BANTĀ SIṄGH DHĀMĪĀṄ (1900-1923), Babar revolutionary, was born in 1900 at the village of Dhāmīāṅ Kalāṅ, in Jalandhar district. He went to the village primary school, and joined the army serving in the 55th Sikh Battalion for about three years. While in the army he came in contact with Babar Akālīs, whose creed of violence appealed to him.
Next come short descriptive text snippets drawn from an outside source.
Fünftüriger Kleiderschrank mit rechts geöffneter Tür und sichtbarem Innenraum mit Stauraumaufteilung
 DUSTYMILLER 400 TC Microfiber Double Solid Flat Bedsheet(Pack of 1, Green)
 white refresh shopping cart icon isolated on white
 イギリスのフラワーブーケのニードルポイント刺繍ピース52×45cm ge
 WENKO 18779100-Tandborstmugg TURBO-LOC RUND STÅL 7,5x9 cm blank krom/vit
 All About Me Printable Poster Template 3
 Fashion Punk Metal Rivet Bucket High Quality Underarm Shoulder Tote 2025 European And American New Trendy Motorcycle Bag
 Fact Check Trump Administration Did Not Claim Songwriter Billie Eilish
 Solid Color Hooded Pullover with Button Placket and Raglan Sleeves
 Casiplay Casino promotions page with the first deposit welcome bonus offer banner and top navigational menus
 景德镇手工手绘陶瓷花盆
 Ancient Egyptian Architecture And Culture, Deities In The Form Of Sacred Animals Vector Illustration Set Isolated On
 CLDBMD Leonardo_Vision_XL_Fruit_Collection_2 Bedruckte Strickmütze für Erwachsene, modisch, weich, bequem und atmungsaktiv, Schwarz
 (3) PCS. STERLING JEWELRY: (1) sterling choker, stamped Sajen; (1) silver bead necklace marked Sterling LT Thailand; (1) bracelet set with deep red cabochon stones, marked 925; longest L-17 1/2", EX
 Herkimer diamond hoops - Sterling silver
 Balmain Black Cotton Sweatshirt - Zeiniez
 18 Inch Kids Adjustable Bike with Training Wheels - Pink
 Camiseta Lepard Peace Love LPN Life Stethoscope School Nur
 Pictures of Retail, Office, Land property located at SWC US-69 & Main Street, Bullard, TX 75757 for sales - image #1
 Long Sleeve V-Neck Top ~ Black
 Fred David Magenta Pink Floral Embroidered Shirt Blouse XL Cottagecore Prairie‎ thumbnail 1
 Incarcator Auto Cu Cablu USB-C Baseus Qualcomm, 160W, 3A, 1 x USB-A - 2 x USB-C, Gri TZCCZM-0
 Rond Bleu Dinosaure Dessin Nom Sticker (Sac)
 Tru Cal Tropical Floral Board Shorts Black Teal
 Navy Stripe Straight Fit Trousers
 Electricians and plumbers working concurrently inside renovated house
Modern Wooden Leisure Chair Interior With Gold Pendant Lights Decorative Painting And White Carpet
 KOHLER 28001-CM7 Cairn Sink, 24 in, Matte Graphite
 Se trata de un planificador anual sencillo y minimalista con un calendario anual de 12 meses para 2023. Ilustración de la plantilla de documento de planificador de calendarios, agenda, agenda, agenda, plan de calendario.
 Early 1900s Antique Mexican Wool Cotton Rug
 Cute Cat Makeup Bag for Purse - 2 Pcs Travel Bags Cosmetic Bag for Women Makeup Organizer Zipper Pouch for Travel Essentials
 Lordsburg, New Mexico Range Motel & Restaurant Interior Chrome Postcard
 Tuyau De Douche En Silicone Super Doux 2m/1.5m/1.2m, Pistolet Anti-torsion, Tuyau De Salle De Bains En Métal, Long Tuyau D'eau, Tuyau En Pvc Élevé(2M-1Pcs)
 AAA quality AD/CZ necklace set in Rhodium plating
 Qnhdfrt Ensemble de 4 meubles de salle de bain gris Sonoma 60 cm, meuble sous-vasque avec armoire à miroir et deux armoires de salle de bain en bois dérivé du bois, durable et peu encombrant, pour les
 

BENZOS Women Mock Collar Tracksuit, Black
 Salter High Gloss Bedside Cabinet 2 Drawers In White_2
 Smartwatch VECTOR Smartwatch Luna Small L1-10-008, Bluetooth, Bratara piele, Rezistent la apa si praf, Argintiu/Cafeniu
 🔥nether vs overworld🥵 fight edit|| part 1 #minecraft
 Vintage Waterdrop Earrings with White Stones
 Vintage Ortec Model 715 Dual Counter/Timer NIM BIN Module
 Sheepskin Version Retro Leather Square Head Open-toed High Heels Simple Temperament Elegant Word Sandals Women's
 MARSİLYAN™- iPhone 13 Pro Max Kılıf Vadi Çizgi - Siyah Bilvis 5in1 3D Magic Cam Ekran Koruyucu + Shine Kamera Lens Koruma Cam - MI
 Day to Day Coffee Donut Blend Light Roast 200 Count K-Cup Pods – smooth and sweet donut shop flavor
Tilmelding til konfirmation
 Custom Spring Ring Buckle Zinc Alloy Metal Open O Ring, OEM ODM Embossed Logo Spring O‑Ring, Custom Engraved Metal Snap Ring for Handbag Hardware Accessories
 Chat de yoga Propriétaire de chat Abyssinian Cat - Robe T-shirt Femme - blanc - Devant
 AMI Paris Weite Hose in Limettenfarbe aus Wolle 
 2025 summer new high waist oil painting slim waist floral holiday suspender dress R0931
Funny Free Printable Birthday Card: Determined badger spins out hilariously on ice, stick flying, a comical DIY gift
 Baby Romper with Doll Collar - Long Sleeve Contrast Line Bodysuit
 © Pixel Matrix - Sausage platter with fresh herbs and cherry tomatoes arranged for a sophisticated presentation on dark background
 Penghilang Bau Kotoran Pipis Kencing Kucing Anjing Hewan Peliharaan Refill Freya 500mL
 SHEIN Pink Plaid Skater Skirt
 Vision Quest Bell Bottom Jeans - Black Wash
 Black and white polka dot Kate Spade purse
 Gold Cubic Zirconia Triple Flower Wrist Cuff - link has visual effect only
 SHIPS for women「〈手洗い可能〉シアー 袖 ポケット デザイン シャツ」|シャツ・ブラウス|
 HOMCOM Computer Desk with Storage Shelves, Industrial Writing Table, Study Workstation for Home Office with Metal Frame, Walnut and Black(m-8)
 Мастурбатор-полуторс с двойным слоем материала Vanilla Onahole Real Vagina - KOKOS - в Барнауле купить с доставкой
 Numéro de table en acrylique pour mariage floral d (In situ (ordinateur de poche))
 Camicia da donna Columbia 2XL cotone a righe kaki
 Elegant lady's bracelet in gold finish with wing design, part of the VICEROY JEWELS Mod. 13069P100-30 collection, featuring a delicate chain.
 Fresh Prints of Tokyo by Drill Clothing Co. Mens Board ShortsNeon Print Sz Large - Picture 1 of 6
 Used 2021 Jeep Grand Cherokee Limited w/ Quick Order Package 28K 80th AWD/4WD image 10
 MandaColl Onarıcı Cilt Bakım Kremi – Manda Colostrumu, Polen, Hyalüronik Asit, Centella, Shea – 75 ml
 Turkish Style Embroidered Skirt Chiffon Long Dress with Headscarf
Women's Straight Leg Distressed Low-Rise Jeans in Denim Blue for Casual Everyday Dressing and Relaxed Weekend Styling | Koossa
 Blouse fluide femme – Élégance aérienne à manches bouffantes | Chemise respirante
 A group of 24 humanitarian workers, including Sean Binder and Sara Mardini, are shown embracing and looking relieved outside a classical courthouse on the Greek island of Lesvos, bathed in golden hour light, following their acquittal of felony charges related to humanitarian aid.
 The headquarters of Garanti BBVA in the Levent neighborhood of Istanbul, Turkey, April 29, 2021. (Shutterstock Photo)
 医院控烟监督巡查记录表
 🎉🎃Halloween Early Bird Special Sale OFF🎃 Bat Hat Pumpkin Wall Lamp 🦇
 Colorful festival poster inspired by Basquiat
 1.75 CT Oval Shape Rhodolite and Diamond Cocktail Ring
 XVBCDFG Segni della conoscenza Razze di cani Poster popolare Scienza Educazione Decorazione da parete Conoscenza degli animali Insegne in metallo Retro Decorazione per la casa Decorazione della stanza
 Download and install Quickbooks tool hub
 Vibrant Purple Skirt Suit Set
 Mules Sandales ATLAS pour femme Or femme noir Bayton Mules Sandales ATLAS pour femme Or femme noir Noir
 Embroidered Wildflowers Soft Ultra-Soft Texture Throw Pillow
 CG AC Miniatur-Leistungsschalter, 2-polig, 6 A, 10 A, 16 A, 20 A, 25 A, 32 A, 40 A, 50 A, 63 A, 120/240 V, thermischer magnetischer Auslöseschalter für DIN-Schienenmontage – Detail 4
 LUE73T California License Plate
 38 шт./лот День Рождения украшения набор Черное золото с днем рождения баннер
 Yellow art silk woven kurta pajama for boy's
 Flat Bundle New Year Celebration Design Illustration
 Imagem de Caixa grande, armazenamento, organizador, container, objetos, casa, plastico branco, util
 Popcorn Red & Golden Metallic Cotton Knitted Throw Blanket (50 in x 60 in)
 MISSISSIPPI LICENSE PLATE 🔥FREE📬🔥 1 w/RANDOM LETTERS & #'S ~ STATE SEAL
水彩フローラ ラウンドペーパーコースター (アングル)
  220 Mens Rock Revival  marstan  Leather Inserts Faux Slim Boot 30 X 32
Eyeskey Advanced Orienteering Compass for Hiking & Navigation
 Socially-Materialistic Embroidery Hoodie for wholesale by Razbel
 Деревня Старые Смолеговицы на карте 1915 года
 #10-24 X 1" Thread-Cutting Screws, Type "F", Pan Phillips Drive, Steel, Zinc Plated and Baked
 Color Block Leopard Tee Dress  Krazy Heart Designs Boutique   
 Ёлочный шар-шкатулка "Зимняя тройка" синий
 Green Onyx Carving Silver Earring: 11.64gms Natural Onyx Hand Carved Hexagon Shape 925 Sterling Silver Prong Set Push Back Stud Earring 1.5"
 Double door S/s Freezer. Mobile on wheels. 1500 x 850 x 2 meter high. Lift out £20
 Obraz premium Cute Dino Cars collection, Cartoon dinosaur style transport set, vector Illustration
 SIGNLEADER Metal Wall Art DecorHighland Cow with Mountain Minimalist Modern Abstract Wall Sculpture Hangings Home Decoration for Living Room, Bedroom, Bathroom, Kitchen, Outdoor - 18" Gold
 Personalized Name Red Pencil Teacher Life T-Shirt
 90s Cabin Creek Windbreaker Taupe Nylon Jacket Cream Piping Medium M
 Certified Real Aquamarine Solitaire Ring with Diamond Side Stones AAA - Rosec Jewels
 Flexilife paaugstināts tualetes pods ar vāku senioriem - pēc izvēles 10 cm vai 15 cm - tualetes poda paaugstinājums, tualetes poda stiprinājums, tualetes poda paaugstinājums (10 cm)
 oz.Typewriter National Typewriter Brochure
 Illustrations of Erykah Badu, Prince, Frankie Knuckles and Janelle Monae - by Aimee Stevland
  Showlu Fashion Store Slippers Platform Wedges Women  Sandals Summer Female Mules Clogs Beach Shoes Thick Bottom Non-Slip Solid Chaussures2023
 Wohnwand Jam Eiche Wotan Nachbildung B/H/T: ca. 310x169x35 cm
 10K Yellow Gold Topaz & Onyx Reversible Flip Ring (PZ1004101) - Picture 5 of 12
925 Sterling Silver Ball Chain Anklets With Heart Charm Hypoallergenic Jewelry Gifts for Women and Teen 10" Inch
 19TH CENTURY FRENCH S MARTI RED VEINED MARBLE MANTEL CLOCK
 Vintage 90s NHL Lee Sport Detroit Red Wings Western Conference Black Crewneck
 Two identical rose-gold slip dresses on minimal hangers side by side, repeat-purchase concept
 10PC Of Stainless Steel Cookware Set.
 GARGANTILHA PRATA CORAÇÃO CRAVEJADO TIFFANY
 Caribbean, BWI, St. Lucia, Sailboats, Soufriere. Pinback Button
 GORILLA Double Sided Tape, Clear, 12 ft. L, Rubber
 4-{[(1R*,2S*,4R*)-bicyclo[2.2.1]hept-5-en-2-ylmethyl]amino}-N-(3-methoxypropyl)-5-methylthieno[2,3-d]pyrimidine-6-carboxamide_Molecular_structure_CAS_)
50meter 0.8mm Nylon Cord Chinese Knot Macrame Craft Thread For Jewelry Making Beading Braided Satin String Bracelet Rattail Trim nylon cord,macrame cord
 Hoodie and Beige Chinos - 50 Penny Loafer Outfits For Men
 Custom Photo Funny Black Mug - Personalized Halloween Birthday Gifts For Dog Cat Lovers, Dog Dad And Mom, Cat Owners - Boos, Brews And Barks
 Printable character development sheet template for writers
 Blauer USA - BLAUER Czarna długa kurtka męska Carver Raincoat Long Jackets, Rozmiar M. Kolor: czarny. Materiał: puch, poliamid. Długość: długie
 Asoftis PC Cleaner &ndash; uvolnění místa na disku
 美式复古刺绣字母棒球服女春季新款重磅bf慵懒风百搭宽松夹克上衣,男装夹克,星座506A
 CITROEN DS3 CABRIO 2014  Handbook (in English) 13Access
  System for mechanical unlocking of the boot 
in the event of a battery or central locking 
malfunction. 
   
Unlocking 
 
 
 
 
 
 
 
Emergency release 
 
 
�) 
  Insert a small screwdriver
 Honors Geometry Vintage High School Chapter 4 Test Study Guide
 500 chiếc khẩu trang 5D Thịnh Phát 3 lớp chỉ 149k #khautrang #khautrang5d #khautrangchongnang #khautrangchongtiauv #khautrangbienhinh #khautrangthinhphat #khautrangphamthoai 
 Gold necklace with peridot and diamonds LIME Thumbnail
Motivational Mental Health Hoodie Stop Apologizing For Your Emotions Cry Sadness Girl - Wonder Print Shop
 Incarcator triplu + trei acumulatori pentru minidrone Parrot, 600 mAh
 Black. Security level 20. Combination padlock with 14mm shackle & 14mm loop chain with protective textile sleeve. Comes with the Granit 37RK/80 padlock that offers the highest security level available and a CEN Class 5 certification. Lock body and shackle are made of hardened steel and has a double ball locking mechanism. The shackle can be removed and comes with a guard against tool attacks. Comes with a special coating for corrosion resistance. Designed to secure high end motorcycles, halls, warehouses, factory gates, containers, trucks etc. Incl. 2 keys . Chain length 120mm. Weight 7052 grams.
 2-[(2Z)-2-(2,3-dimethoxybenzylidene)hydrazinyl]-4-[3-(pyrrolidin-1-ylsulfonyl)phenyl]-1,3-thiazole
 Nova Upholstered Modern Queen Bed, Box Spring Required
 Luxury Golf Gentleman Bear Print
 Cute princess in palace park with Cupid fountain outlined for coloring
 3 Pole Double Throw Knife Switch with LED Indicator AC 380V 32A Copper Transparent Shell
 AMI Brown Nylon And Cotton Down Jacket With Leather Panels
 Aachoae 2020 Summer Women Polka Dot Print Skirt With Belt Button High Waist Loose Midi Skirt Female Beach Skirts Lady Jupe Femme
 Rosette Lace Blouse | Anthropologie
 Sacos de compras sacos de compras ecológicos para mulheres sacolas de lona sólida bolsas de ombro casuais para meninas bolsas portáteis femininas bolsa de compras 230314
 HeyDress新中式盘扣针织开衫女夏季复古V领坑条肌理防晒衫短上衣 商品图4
After his meeting with Jathedār Kishan Siṅgh Gaṛgajj and Bābū Santā Siṅgh on 16 February 1923, he resigned from the army and became a member of the action group of the Babar Akālī Jathā. He was party to the Jamsher railway station dacoity (3 March 1923), to the murder of Būṭā lambaṛdār of Naṅgal Shāmāṅ (11 March), and of Javālā Siṅgh, a notorious money-lender of Koṭlī Bāvādās (13 November), and in the second murderous attempt on the lives of Kābul Siṅgh and his father-in-law, Lābh Siṅgh, who had got Kishan Siṅgh Gaṛgajj arrested on 26 February 1923.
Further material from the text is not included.